According to real estate analyst Craig Smith of Anchor Stockbrokers, Africa’s top markets are “definitely a more attractive entry point than 18-24 months ago” but cautions that investors still need to exercise a “higher level of diligence” when investing.
And while deal many South African funds continue to look at Central and Eastern Europe for scale (sizeable transactions) and positive funding spreads, the transaction spread by API Summit’s investors point to a market that is expanding, which is in line with his view that “the opportunity set over the long term is immense”, said Smith.
“We’re witnessing sophisticated deal structuring in affordable housing; hospitality; logistics; office spaces and mixed use, across countries and regions,” said Rusin.
Top 10 real estate deals in the first half of the year into which billions of investable funds have gone include the Growthpoint Investec African Property Fund to acquire malls in Ghana and Zambia; Centum RE & Nedbank ±$75 million debt deal for their Two Rivers development project, and IFC investment in Hilton in Lusaka and Protea Hotel, both in Zambia.
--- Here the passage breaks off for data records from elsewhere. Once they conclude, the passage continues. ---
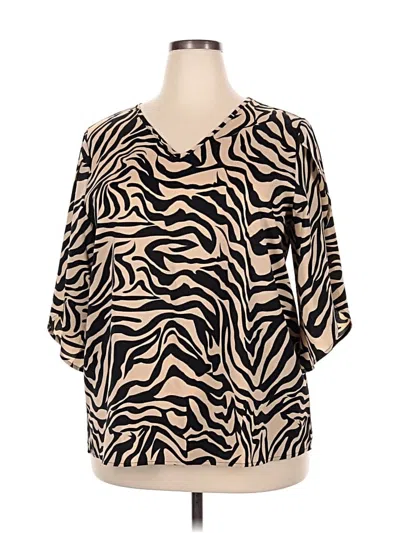 Pre-owned Viishow Short Sleeve Blouse In Tan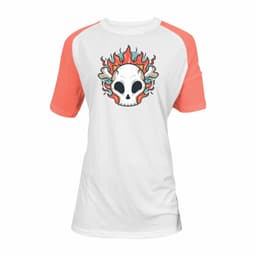 A raglan T-shirt for ladies featuring a skull design with flames, white body and coral sleeves. It has a logo.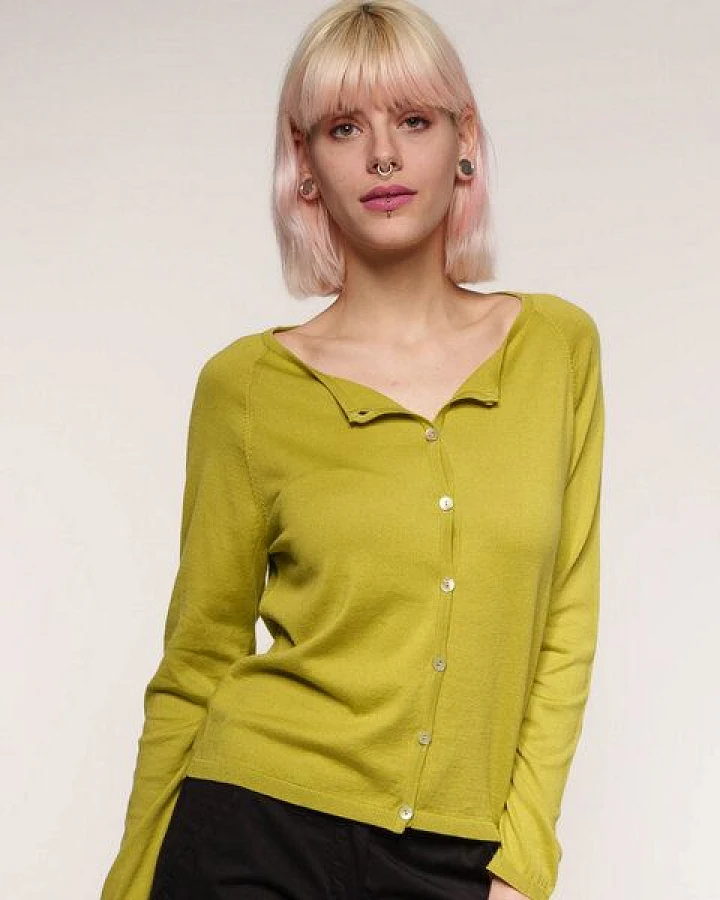 Alma & Lovis Leichter Feinstrick-Cardigan aus reiner Bio-Baumwolle
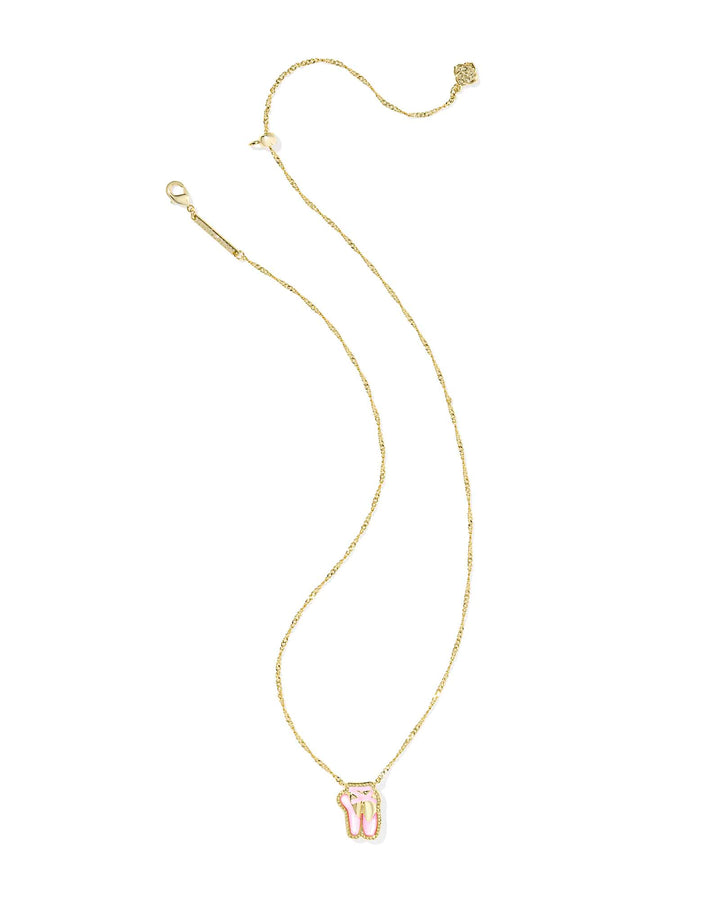 Kendra Scott Ballet Gold Short Pendant Necklace in Blush Mother of Pearl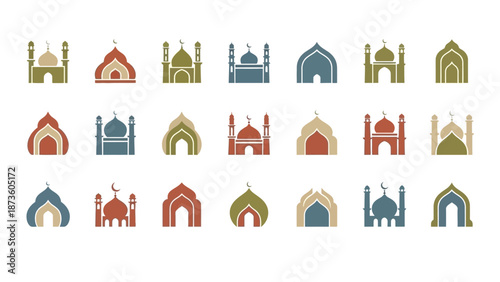 Modern Minimalist Mosque Icon Collection, Islamic Architecture Vector Set for Ramadan Kareem and Eid Mubarak, Elegant Dome Design in Earth Tone Colors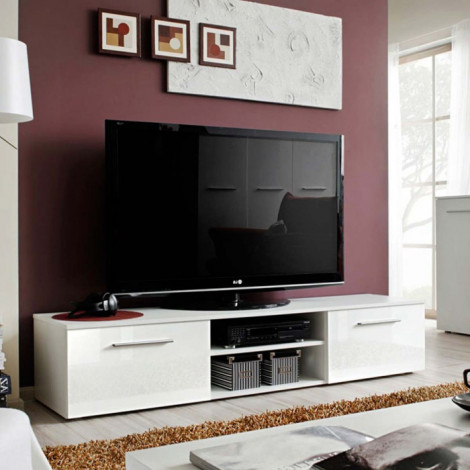 Meuble TV Design "Bono II" 180cm Blanc|Meuble TV|Paris Prix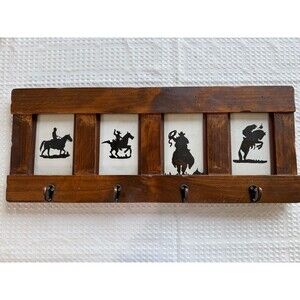 Rustic Cowboy Horseback Riding Wood Wall Hook Rack 4-Hook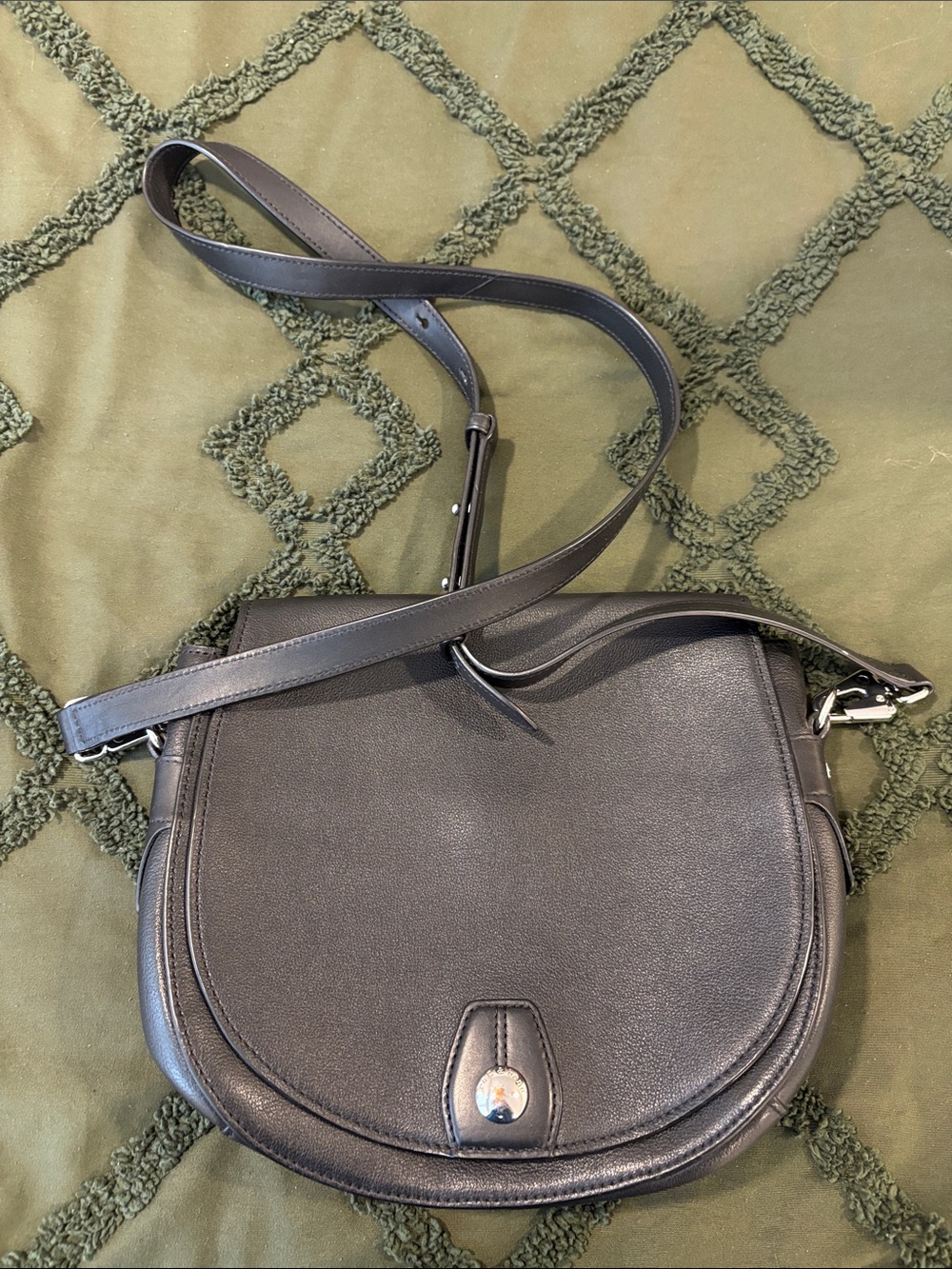rag & bone Black Leather Crossbody Saddle Bag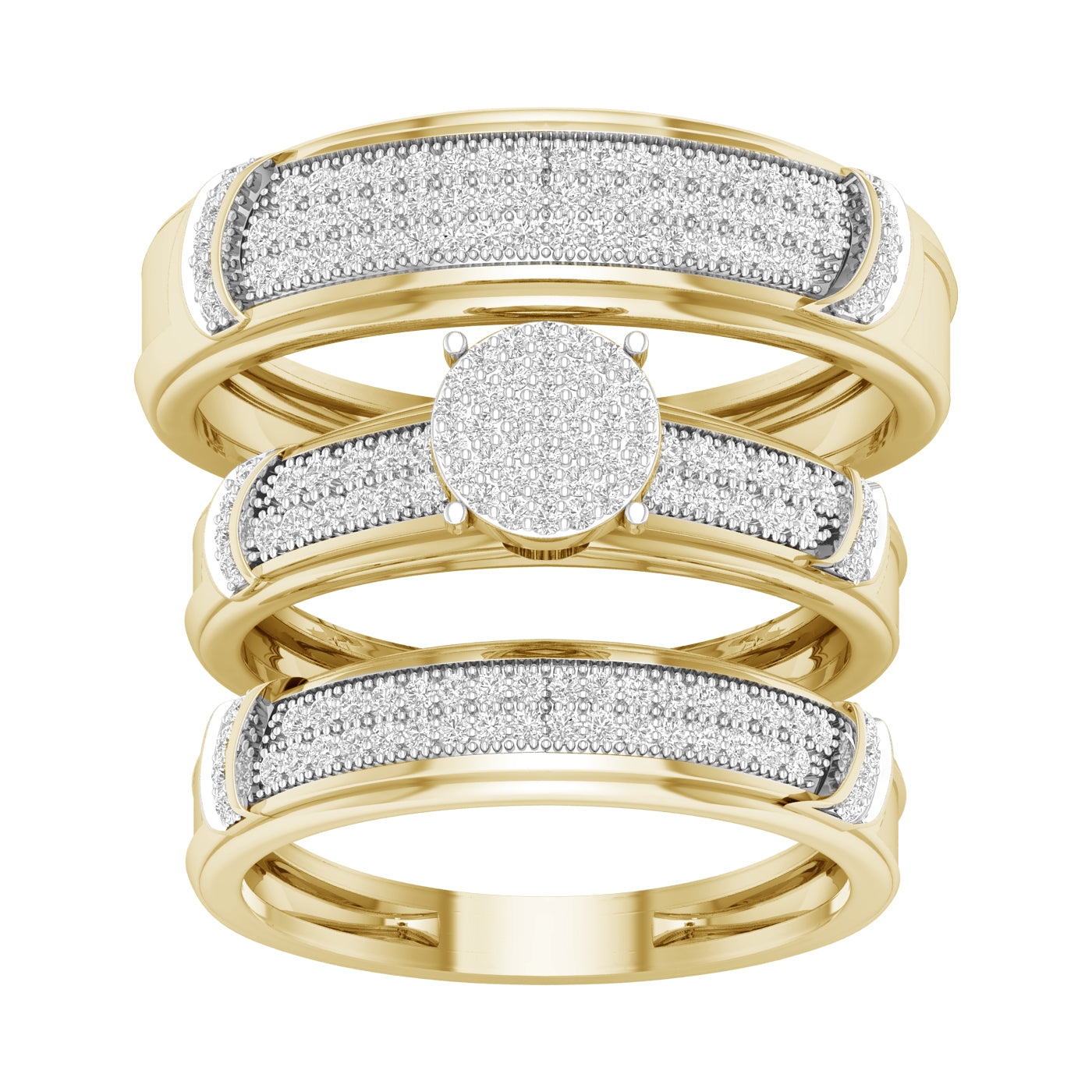 10K Yellow Gold Beautiful 0.50Ct Diamond Trio Set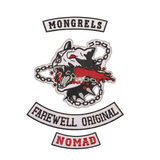 Mongrels Motorcycle Club patches 4-piece embroidered set with chained dog center, Farewell Original and Nomad rockers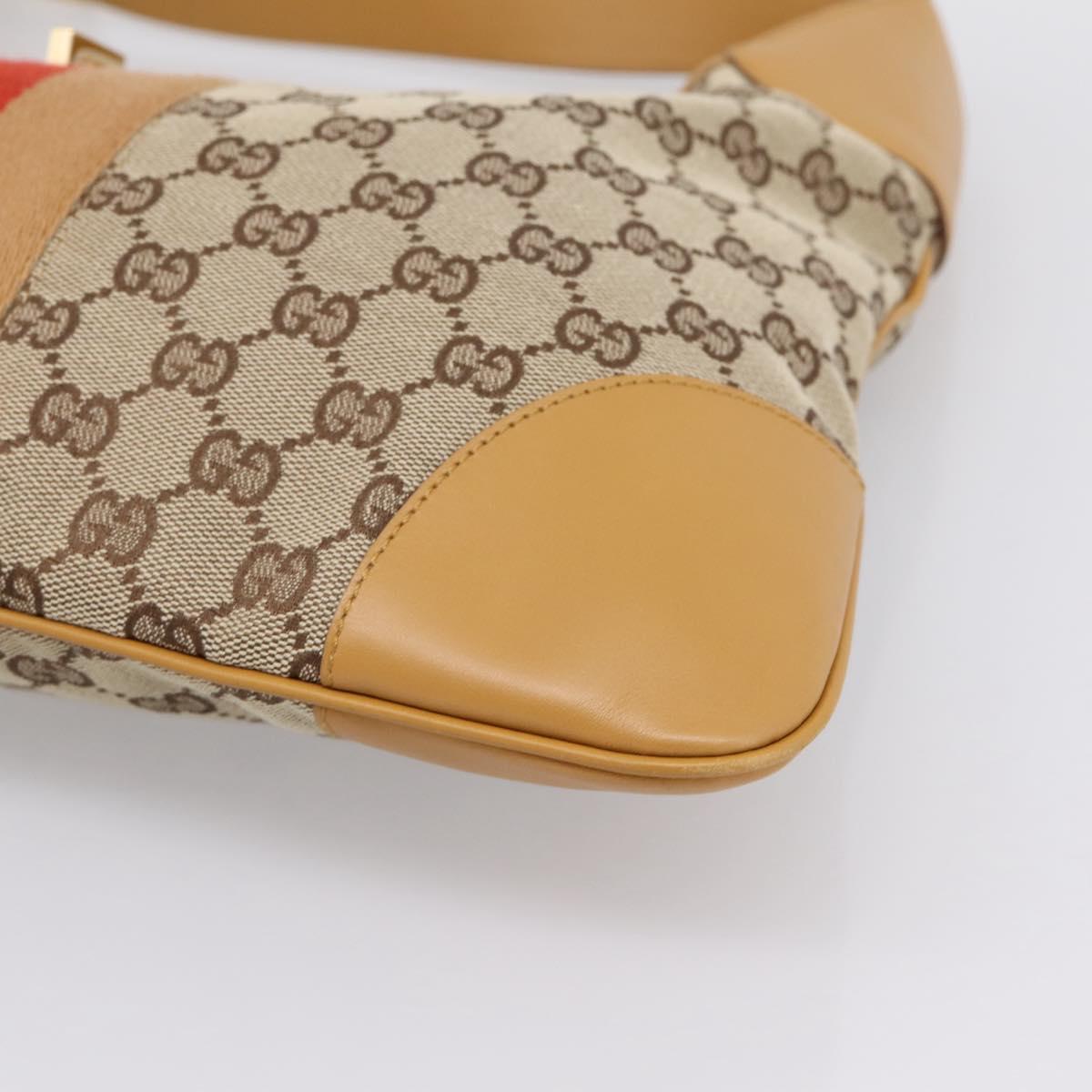 GUCCI GG Canvas Jackie Sherry Line Shoulder Bag Beige Gold 001 4075 Auth 199451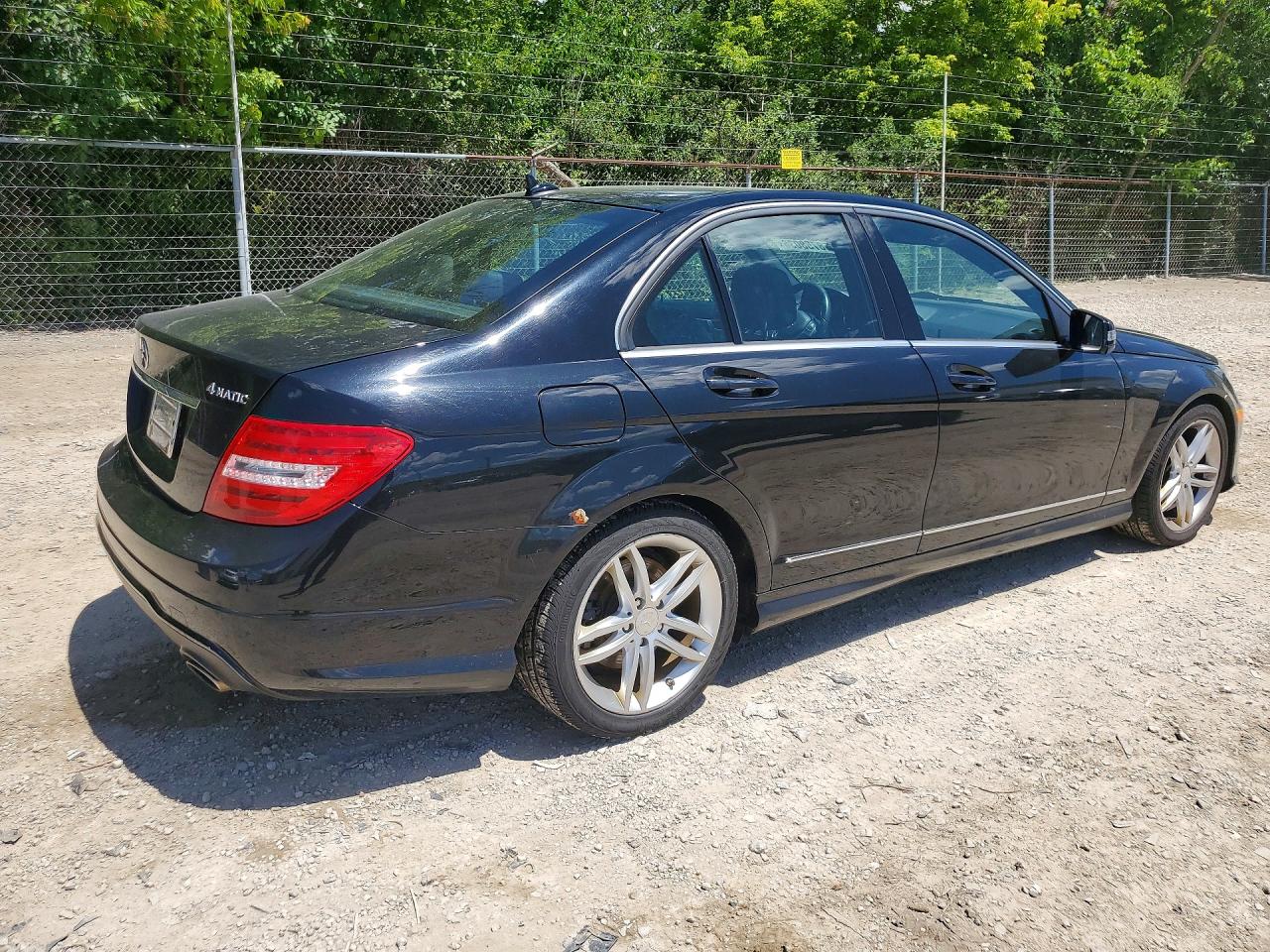 2013 Mercedes-benz C 300 4matic Black vin: WDDGF8AB1DA759595
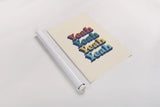 Yeah Modern Retro by Becky Thorns. shown as a rolled paper print. Available as archival giclee rolled canvas, fine art paper, or poster print. SKU 66921h.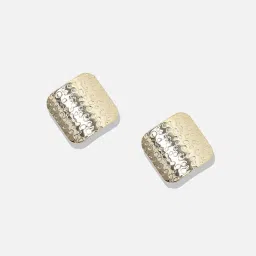 Sohi Dented Textured Square Golden Stud Earrings for Women & Girls image 4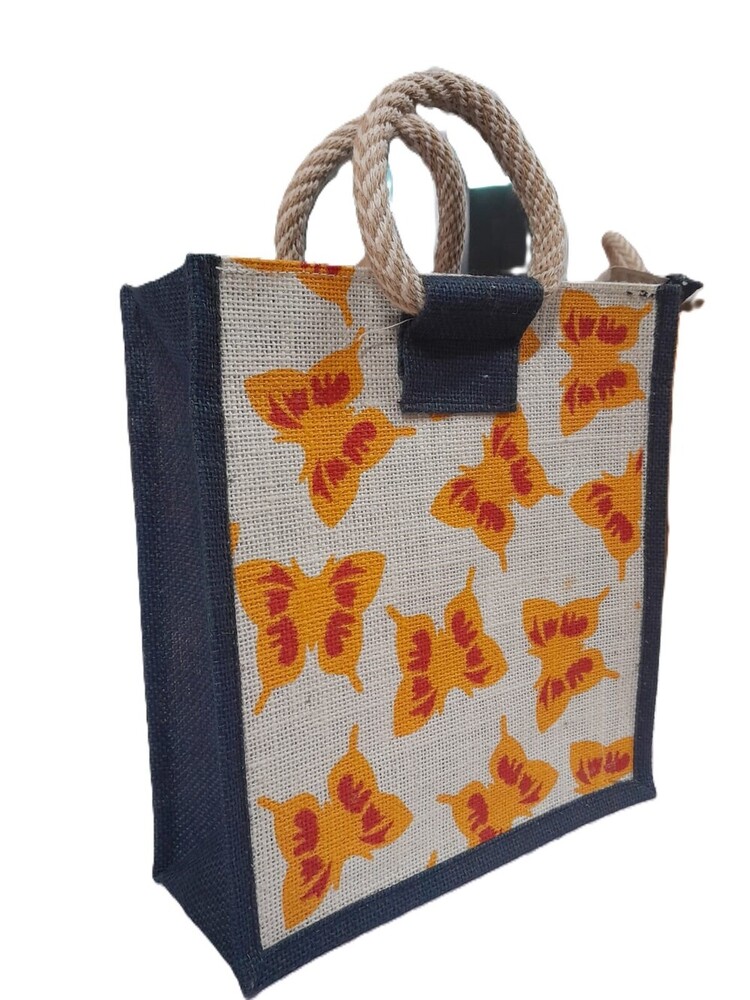 Butterfly Blue Jute Grocery Bag With Zip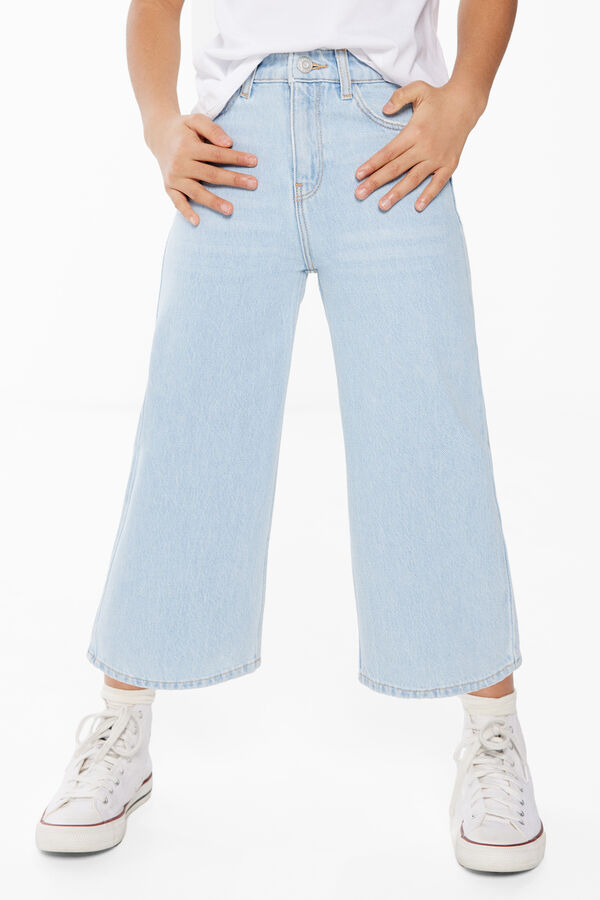 Springfield Kids Cal&ccedil;as denim culotte menina azul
Others are African Logistics Properties (ALP) which signed debt restructuring deal with Standard Bank; Shelter Afrique in Affordable Housing deal with Habitat International; Grit’s purchase of Senegal Club Med at $12.5 million with development plans of $28.8 million, and CDC’s commitment to mezzanine debt investment in Teyliom Hospitality with a deal size put at $30.7 million.
Within the period, WeWork opened its first of many African office locations in Johannesburg; Actis & Shapoorji launched affordable housing Joint Venture in Kenya with the deal size put at $120 million, while Westpark & Siemens are to build sustainable industrial park.
Regarded among local and international decision makers as Africa’s largest property gathering, the API Summit is recognised as a platform for investing, but it is also vital in developing deeper layers of transparency for investors looking to meet and understand the continent’s divergent and complex markets to avoid previous mistakes committed by SA developers.
“Africa’s markets are still relatively opaque, and it is vital that these markets continue with their efforts to improve transparency,” Smith said. “The experience of GIAPF is crucial in my view as this will provide evidence of performance to the SA market.”